---------- MATERIAL PROVIDED ----------
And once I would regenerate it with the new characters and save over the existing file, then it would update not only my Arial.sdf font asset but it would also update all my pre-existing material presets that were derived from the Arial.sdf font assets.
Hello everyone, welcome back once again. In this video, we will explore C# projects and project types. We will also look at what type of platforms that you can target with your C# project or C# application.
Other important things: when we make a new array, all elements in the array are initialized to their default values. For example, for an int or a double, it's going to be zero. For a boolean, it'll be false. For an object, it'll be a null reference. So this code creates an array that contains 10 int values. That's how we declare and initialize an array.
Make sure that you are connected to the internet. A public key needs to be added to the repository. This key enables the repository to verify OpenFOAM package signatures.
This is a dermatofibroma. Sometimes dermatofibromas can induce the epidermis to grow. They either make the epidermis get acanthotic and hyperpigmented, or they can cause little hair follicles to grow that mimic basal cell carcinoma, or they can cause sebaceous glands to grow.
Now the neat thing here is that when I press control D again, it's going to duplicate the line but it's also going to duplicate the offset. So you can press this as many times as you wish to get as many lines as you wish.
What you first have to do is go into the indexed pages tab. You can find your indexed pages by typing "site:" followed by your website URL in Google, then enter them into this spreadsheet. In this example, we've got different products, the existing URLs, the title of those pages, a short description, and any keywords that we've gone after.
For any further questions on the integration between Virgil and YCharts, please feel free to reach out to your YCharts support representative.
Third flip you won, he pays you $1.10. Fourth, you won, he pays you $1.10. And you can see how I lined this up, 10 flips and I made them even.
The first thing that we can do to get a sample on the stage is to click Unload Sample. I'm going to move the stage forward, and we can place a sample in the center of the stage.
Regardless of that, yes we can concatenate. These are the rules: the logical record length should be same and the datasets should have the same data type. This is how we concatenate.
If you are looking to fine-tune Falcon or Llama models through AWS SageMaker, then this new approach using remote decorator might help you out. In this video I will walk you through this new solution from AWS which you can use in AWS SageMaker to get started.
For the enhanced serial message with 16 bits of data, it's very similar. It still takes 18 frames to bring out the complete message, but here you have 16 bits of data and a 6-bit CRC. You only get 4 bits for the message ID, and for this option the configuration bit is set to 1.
----------
In the records above, locate the line that contains "Third flip you". Repeat it and every line after it, exactly, and nothing else.

WRITTEN SOLUTION
Third flip you won, he pays you $1.10. Fourth, you won, he pays you $1.10. And you can see how I lined this up, 10 flips and I made them even.
The first thing that we can do to get a sample on the stage is to click Unload Sample. I'm going to move the stage forward, and we can place a sample in the center of the stage.
Regardless of that, yes we can concatenate. These are the rules: the logical record length should be same and the datasets should have the same data type. This is how we concatenate.
If you are looking to fine-tune Falcon or Llama models through AWS SageMaker, then this new approach using remote decorator might help you out. In this video I will walk you through this new solution from AWS which you can use in AWS SageMaker to get started.
For the enhanced serial message with 16 bits of data, it's very similar. It still takes 18 frames to bring out the complete message, but here you have 16 bits of data and a 6-bit CRC. You only get 4 bits for the message ID, and for this option the configuration bit is set to 1.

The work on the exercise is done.